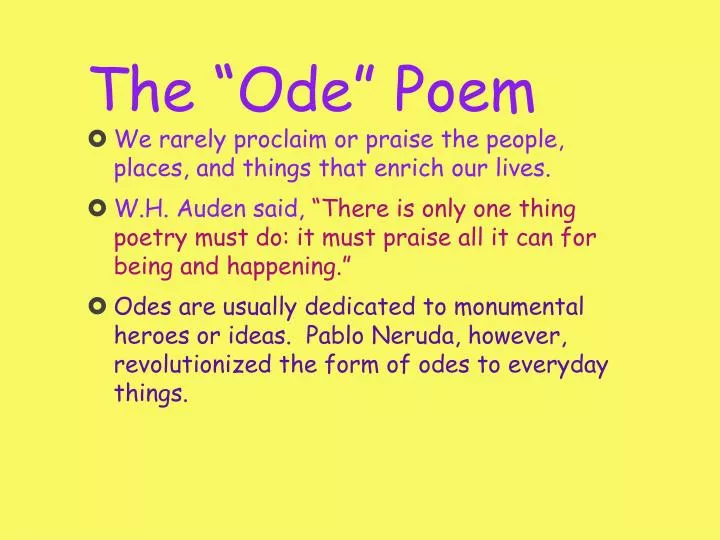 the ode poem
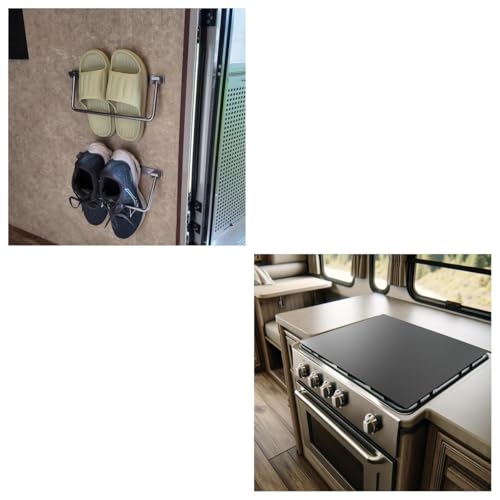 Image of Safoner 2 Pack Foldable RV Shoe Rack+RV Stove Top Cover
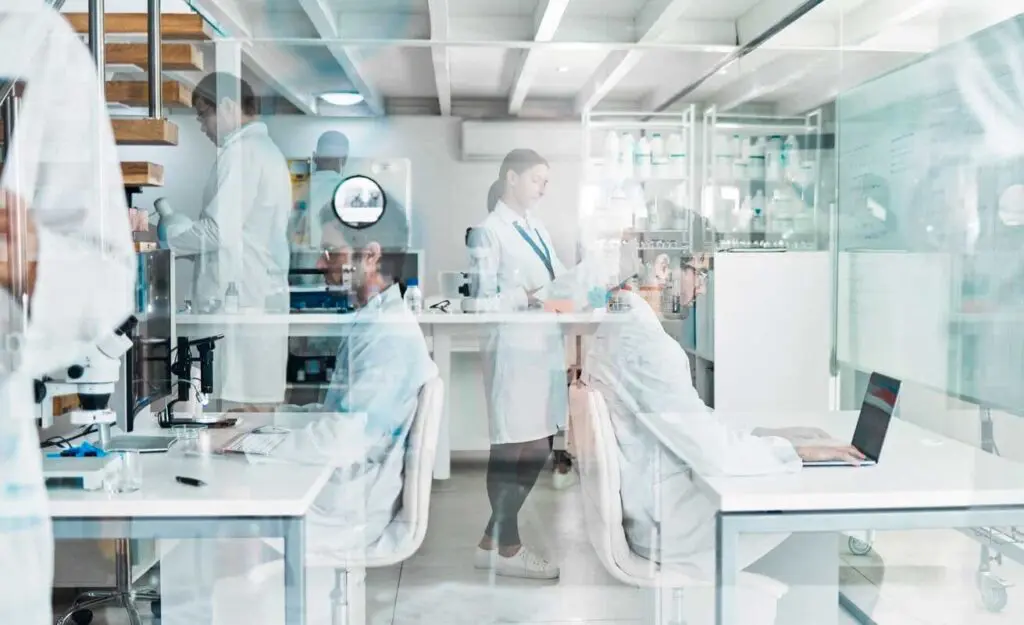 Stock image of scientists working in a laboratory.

How to complete this task: Once the pictures are set aside, please output all the data word for word.

Solution:
 the ode poem
 Image of Safoner 2 Pack Foldable RV Shoe Rack+RV Stove Top Cover
 Stock image of scientists working in a laboratory.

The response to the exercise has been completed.